"An industrial economy is enormously complex: it involves calculations of time, of motion, of credit, and long sequences of interlocking contractual exchanges. This complexity is the system's great virtue and the source of its vulnerability. The vulnerability is psycho-epistemological. No human mind and no computer- and no planner- can grasp the complexity in every detail. Even to grasp the principles that rule it, is a major feat of abstraction. This is where the conceptual links of men's integrating capacity break down: most people are unable to grasp the working of their hometown's economy, let along the county's or the world's. Under the influence of today's mind-shrinking, anti-conceptual education, most people tend to see economic problems in terms of immediate concretes: of their paychecks, their landlords, and the corner grocery store.
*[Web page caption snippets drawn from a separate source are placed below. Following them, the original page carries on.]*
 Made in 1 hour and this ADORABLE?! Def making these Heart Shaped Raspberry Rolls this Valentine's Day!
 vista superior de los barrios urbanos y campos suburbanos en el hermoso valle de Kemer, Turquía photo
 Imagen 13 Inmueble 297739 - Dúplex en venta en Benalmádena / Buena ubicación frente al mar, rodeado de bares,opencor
The most disastrous loss- which broke their tie to reality- is the loss of the concept that money stands for existing, but unconsumed gods.
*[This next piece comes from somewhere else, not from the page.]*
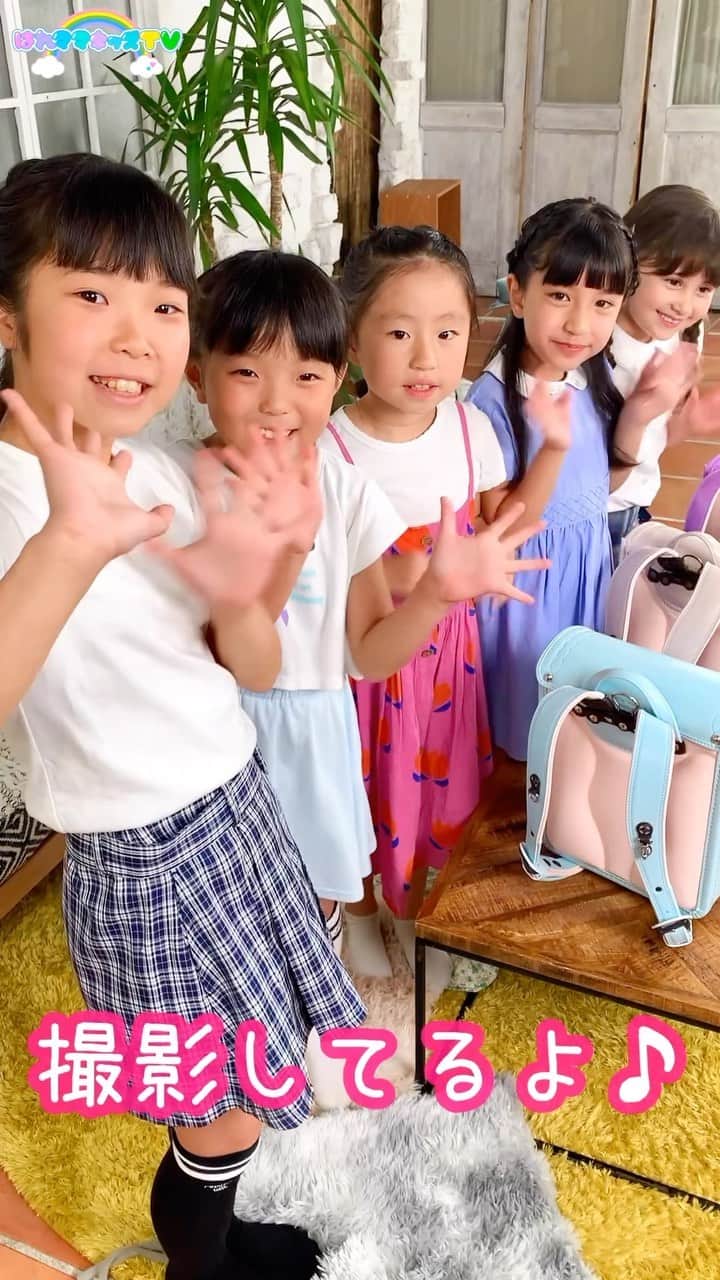 はれママキッズのインスタグラム：「れいかが使っているセイバンの天使のはねランドセルの撮影に行ってきました😍✨ プロの撮影現場でドキドキでしたが、天使のはねランドセルを使っている子供たち同士で、 天使のはねの魅力を話し合っていて、とっても楽しく撮影できました🌈✨ れいかとしのが出演している ＜天使のはねランドセルのセイバン【公式】＞チャンネルさんの動画、 おすすめの人気モデルを紹介しているから、もぜひ見てくださいね🎵 リンクをストーリーズに貼っておくので、そこから見れます😍  #セイバン #SEIBAN  #天使のはね #ランドセル #新入学 #1年生  #ラン活 #はれママキッズtv #さあやちゃんねる #大野りりあな #イーグル紅 #子守犬銀兄ちゃん」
The system's complexity serves, occasionally, as a temporary cover for the operations of some shady characters. You have all heard of some manipulator who does not work, but lives in luxury by obtaining a loan, which he repays by obtaining another loan elsewhere, which he repays by obtaining another loan, etc. You know that his policy can't go on forever, that it catches up with him eventually and he crashes. But what if that manipulator is the government?
The government is not a productive enterprise. It produces nothing. In respect to its legitimate functions- which are the police, the army, the law courts- it performs a service needed by a productive economy. When a government steps beyond these functions, it becomes an economy's destroyer."